Chris Heathcote, CEO of Global Infrastructure Hub, underlined this point at the UNECE International Forum held at City University of Hong Kong in May this year. "More private sector companies are coming to me and saying sustainability is one of their top three concerns in infrastructure ...making sure that a piece of infrastructure or building incorporates the needs for people as well as provide growth potential."

The march of progress

People First PPPs are increasingly on the agenda to build momentum to fill the infrastructure and financing gap so that the UN SDGs can be realized. This will raise standards and improve practices across the globe in infrastructure. At the same time, China's B&R Initiative can be a vehicle for accelerating the process and creating a win-win in the sense of a win for using PPPs in its B&R Initiative and a win in meeting the UN SDGs.

The Chinese corporate sector will be important for the success in both UN SDGs and in the B&R Initiative. Here the City University PPP China Centre affiliated to the UNECE International PPP Centre of Excellence for the UN SDGs, can play a critical role. Specifically, it can act as a conduit for transfer of good practices to Chinese companies already working abroad as well as informing and mobilizing the corporate sector in Hong Kong and elsewhere to exploit the new opportunities in the B&R Initiative and to prepare them for their new additional challenges and responsibilities in working outside China.

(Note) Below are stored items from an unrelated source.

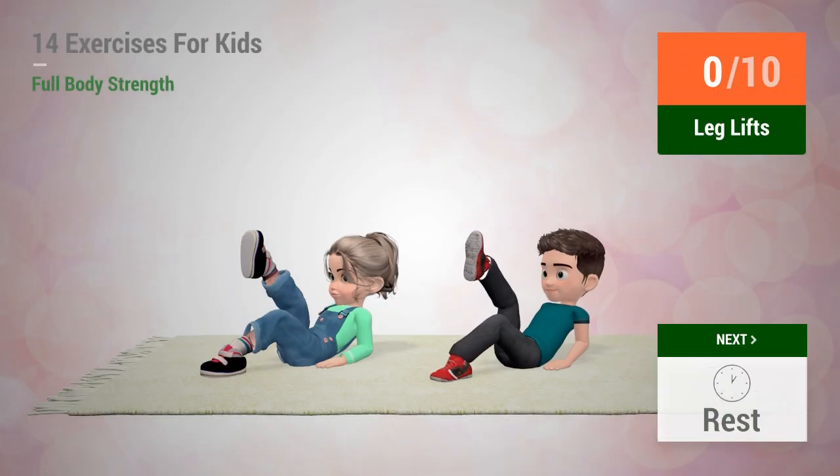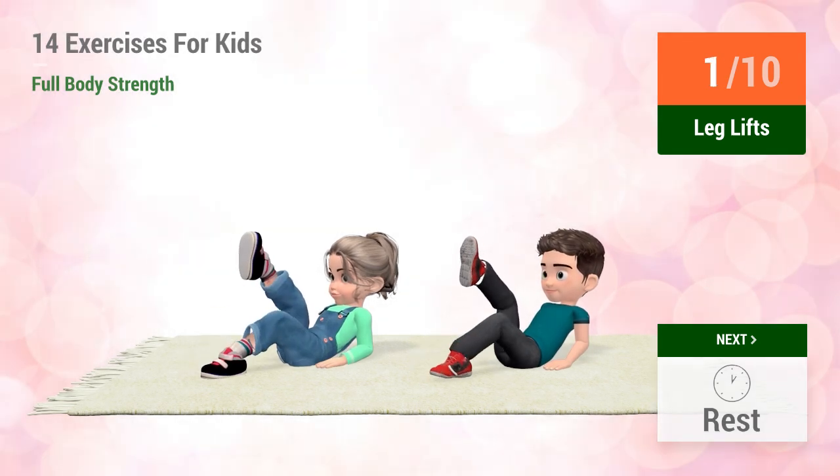Up next, Leg Lifts. In 5, 4, 3, 2, 1, go! 1, 2, 3, 4, 5, 6, 7, 8, 9, 10.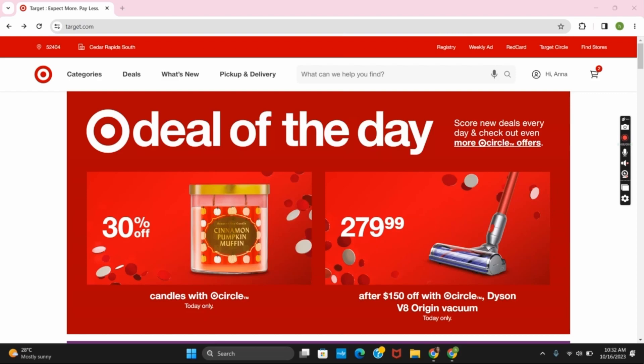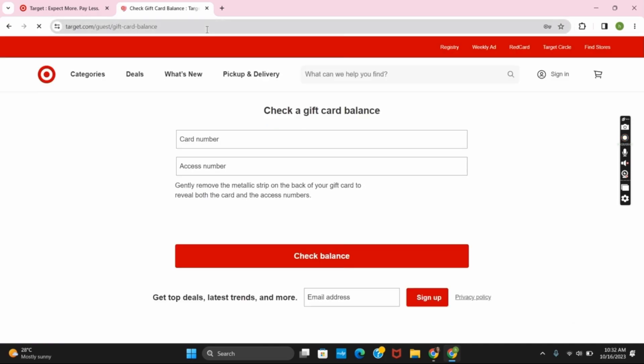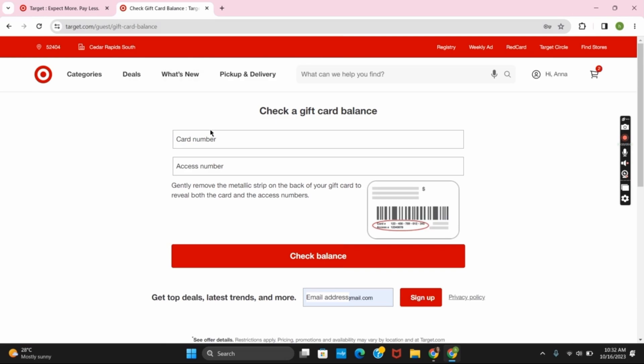Make sure that you have logged into your account. Or you can open a new tab and search for target.com/gift-card-balance. This will take you to another page from where you can check your gift card balance.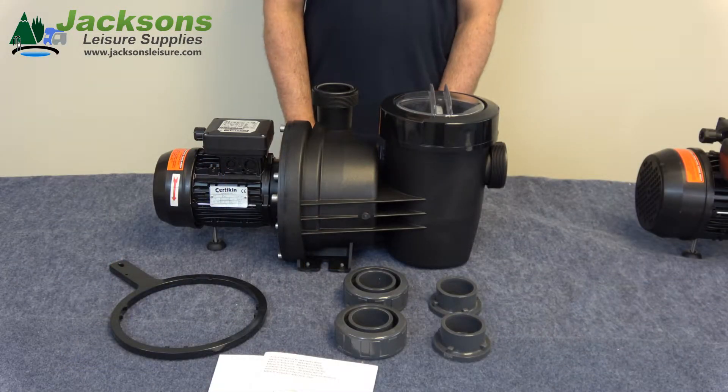First we'll have a look at one of the smaller pumps in the range of the HGS swimming pool pumps. This is a one horsepower pump, and the fittings included with this are the same from the half horsepower up to the one horsepower pump.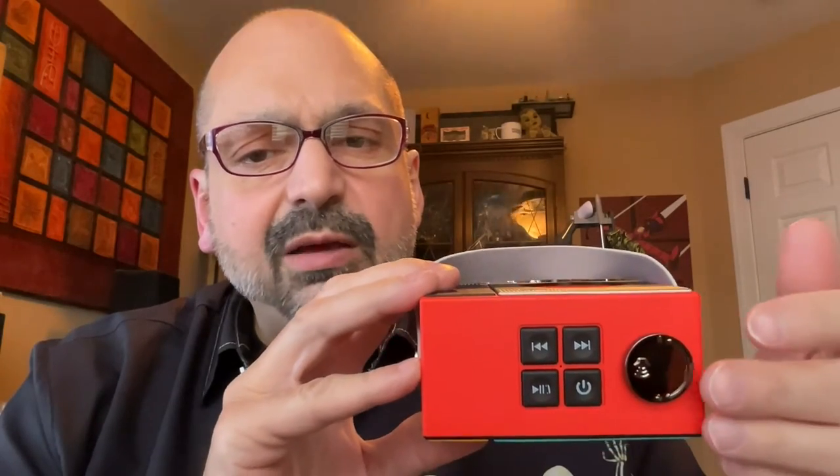Normally when you adjust the volume on a Bluetooth speaker, it will change the volume on the host device. This one does not — when you adjust the volume it's only changing the volume on the speaker itself. I don't know if I mind that, but it's definitely different so I thought I'd bring it up.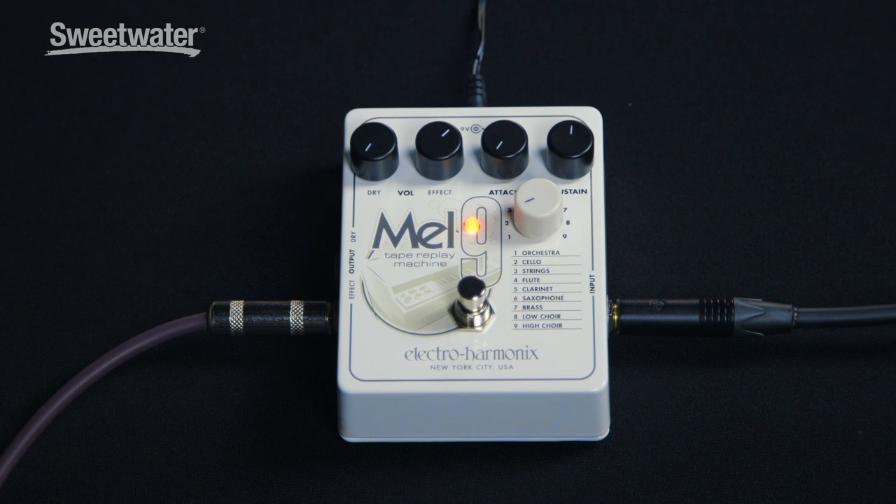Hey everybody, Don Carr here checking out the Electro Harmonix Mel 9. The Mel 9 is a pedal which emulates the sound of the Mellotron, which is a classic keyboard. For those of you who don't know, the Mellotron was like an early sampler. It was tape-based loops and it emulated sounds — it was kind of quirky and kind of weird, but it had its own little unique character.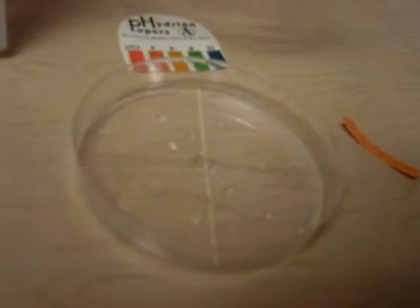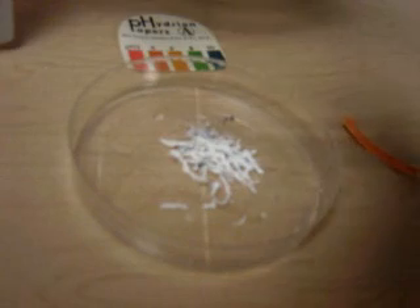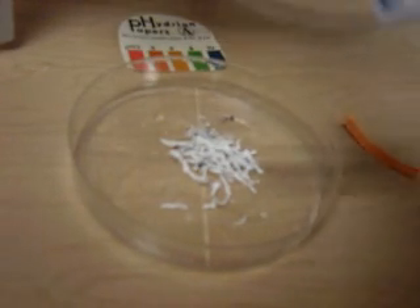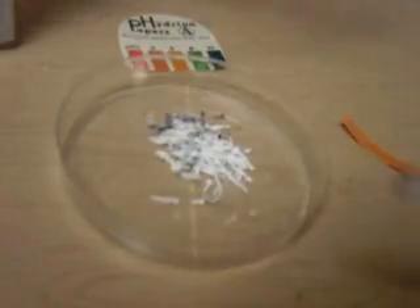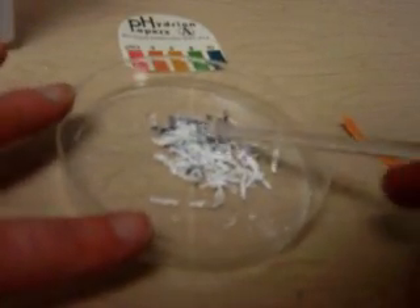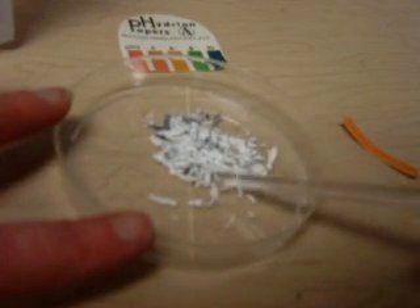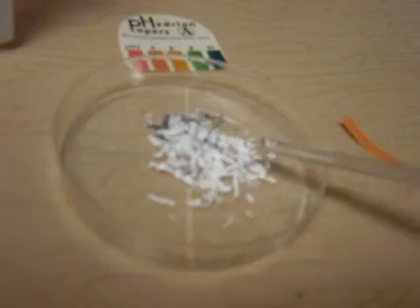I'm going to take the Magnesium Oxide that I got as a product from burning Magnesium Ribbon. This is what I got — Magnesium Oxide, which is a nice white powder.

These are indeed exciting times - the march of progress for the Belt and Road Initiative and the achievement of the Sustainable Development Goals has well and truly begun.

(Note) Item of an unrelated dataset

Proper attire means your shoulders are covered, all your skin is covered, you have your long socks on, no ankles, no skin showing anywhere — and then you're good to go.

CityU hosts UNECE International PPP Forum

CityU hosts UNECE International PPP Forum

The UNECE International PPP Forum, Implementing the United Nations 2030 Agenda for Sustainable Development through effective, people-first Public-Private Partnerships, was held at CityU in May. The forum was co-organized by the United Nations Economic Commission for Europe and the College of Business, City University of Hong Kong.

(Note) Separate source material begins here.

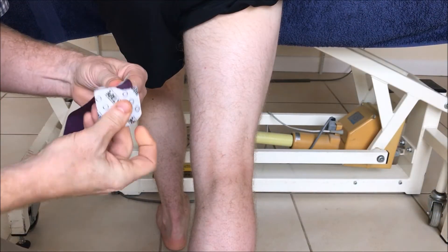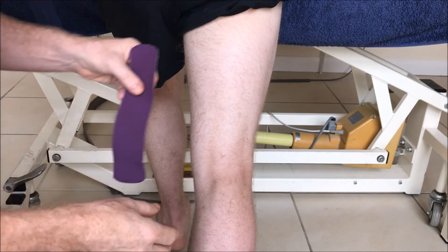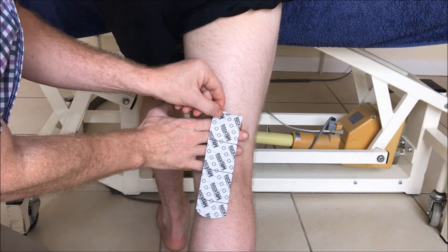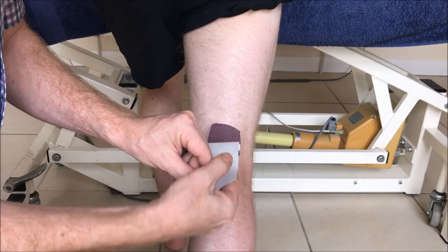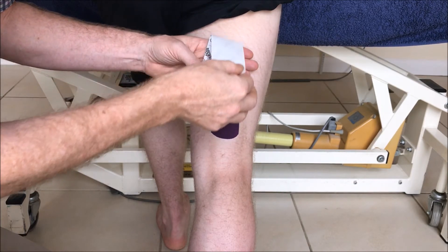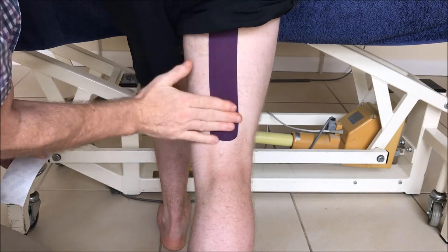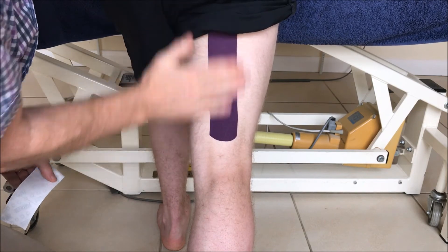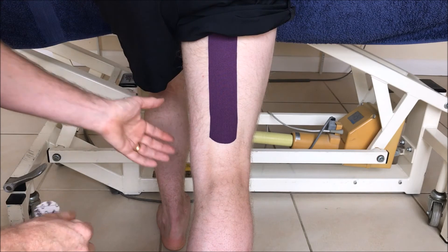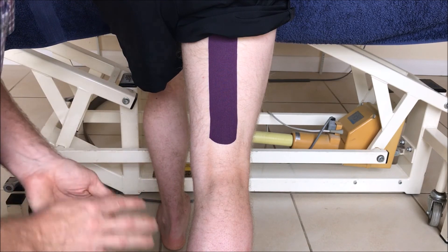Now, to stimulate the hamstrings a bit so that they protect the joint a bit more, we can place just a normal strip down the middle of the hamstring. There's our anchor — put a bit of stretch on it and just lift it up there. Make sure it glues very well and activates. This will help stimulate the hamstring so that we don't have too much mobility in the joint and the edema has a chance to actually disperse.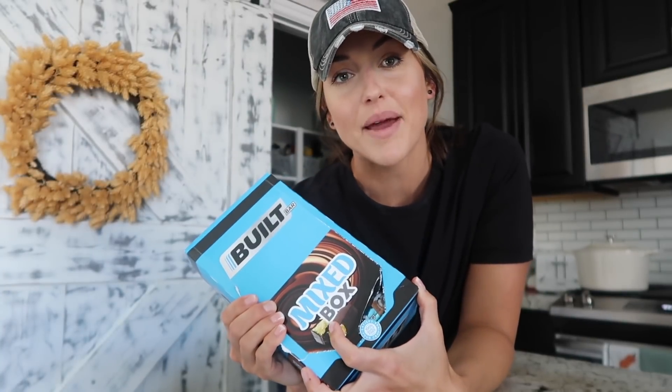Something new I'm doing in my homeschool this year is assigning each of my kids a lunch day where they will prepare lunch for themselves and their siblings. You guys had a lot of questions on that and asked me to make a whole video on it, so I'm throwing that into this video. I also want to thank today's sponsor, Built Bar — I have a box on hand to start our new homeschool year.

The three-day forum included discussion on how to promote international PPP standards, exchange PPP experiences, and showcase projects in support of the UN Sustainable Development Goals, and was attended by around 250 experts from over 50 countries, with several thousand more participating via live streaming.

In her inaugural remarks, Yvonne Choi, Commissioner for Belt and Road of the HKSAR Government, highlighted the importance of infrastructure development in the Belt and Road Initiative

"Infrastructure development is capital intensive, and usually the investment level falls short of requirement. The gap cannot be filled by public money alone, and this is where the PPP model comes in."

The forum featured a special high-level debate entitled How can the international community support China to operationalize its Belt and Road initiative and develop best practice on People First PPPs? Panel members included Danny Alexander, Vice President, AIIB, Xiaoping Chen, CEO, Everbright International, Chris Heathcote, CEO, Global Infrastructure Hub (G20), James Stewart, Chairman, UNECE PPP Business Advisory Board, Annie Wu, Standing Committee Member, the National Committee of Chinese People's Political Consultative Conference, and Houmin Yan, Dean of the College of Business, City University of Hong Kong.

A plenary session The Hong Kong Experience, moderated by Dean Houmin Yan, explored how this rich experience could be shared not only with mainland China but also with countries in Asia and Europe. Panel members included Dr Jacob Kam, Managing Director of the MTR Corporation, Wai-pan Sze, Chairman and CEO of Freetech Road Recycling Technology Limited, Professor Yongheng Yang, Associate Dean of School of Public Policy and Management, Tsinghua University, and Wilson Fung, Executive Director of the Hong Kong Airport Authority.

The forum attracted great interest with live streaming followed by around 40,000 participants on a daily basis. The positive feedback received from many participants, demonstrates the great interest in the UNECE work on People First PPPs for the UN SDGs, including the work on the cases studies and the international PPP standards.

The next edition of the international PPP forum will be held in Geneva, Switzerland, in May 2018.